# Validating data notebook

#### In this notebook is a demonesrtaion of how to validate data using another data source

This is done using a data `pipeline` that will ingest and clean our data with the press of a button

we will use a dataset from an imaginary country called `Maji Ndogo` created by `Explore-AI` academy
the dataset is containing agricultural data about the fields of `Maji Ndogo`

the dataset contains a wheater data and we will validate these data using a data collected from a weather stations in the area of each field

Our main goal is: Is the data in our `MD_agric_df` dataset representative of reality? To answer this, we use weather-related data from nearby stations to validate our results. If the weather data matches the data we have, we can be more confident that our dataset represents reality. 

So what's the plan? 
1. Create a null hypothesis.
1. Import the `MD_agric_df` dataset and clean it up.
1. Import the weather data.
1. Map the weather data to the field data.
1. Calculate the means of the weather station dataset and the means of the main dataset.
2. Calculate all the parameters we need to do a t-test. 
3. Interpret our results.

# Data dictionary

**1. Geographic features**

- **Field_ID:** A unique identifier for each field (BigInt).
 
- **Elevation:** The elevation of the field above sea level in metres (Float).

- **Latitude:** Geographical latitude of the field in degrees (Float).

- **Longitude:** Geographical longitude of the field in degrees (Float).

- **Location:** Province the field is in (Text).

- **Slope:** The slope of the land in the field (Float).

**2. Weather features**

- **Field_ID:** Corresponding field identifier (BigInt).

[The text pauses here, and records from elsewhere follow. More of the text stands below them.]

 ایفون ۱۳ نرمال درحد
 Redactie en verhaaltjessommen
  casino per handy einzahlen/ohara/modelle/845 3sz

- **Rainfall:** Amount of rainfall in the area in mm (Float).

- **Min_temperature_C:** Average minimum temperature recorded in Celsius (Float).

- **Max_temperature_C:** Average maximum temperature recorded in Celsius (Float).

- **Ave_temps:** Average temperature in Celcius (Float).

**3. Soil and crop features**

- **Field_ID:** Corresponding field identifier (BigInt).

- **Soil_fertility:** A measure of soil fertility where 0 is infertile soil, and 1 is very fertile soil (Float).

- **Soil_type:** Type of soil present in the field (Text).

- **pH:** pH level of the soil, which is a measure of how acidic/basic the soil is (Float).

**4. Farm management features**

- **Field_ID:** Corresponding field identifier (BigInt).

- **Pollution_level:** Level of pollution in the area where 0 is unpolluted and 1 is very polluted (Float).

- **Plot_size:** Size of the plot in the field (Ha) (Float).

- **Chosen_crop:** Type of crop chosen for cultivation (Text).

- **Annual_yield:** Annual yield from the field (Float). This is the total output of the field. The field size and type of crop will affect the Annual Yield

- **Standard_yield:** Standardised yield expected from the field, normalised per crop (Float). This is independent of field size, or crop type. Multiplying this number by the field size, and average crop yield will give the Annual_Yield.

<br>

**Weather_station_data (CSV)**

- **Weather_station_ID:** The weather station the data originated from. (Int)

- **Message:** The weather data was captured by sensors at the stations, in the format of text messages.(Str)

**Weather_data_field_mapping (CSV)**

- **Field_ID:** The id of the field that is connected to a weather station. This is the key we can use to join the weather station ID to the original data. (Int)

- **Weather_station_ID:** The weather station that is connected to a field. If a field has `weather_station_ID = 0` then that field is closest to weather station 0. (Int)

<br>

# Dealing with a friendly warning from Pandas

If you are running this notebook in `Python 3.12` or later, you might get a warning if you run the imports below:

In [2]:
import re
import numpy as np
import pandas as pd
import os

If you are lucky enough to see this warning, it let's us know that Pandas is changing soon and will require another package to be installed.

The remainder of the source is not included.